### PROBLEM TO SOLVE
All of the data that follows should be retyped exactly, please, except the pictures.

### INFORMATION PROVIDED
┏━━
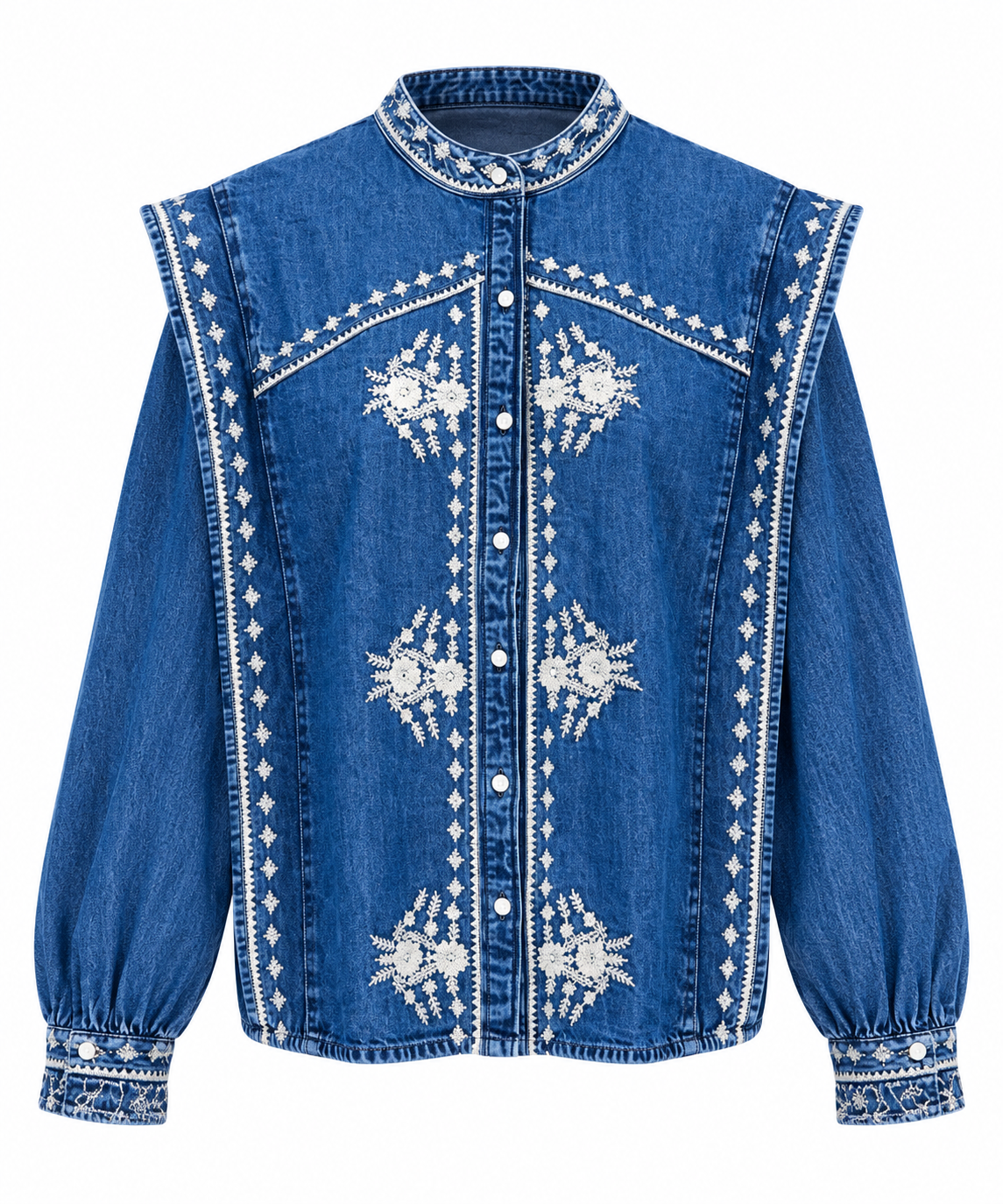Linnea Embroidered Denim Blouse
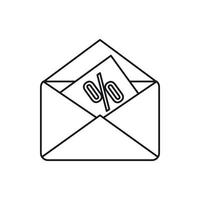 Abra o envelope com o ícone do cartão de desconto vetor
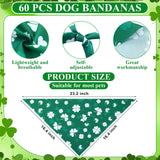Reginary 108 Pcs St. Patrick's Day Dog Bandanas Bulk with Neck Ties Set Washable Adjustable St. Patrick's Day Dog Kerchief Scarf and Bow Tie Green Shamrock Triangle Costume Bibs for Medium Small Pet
┗━━
### RESULT FOR THIS EXERCISE
Linnea Embroidered Denim Blouse
 Abra o envelope com o ícone do cartão de desconto vetor
Reginary 108 Pcs St. Patrick's Day Dog Bandanas Bulk with Neck Ties Set Washable Adjustable St. Patrick's Day Dog Kerchief Scarf and Bow Tie Green Shamrock Triangle Costume Bibs for Medium Small Pet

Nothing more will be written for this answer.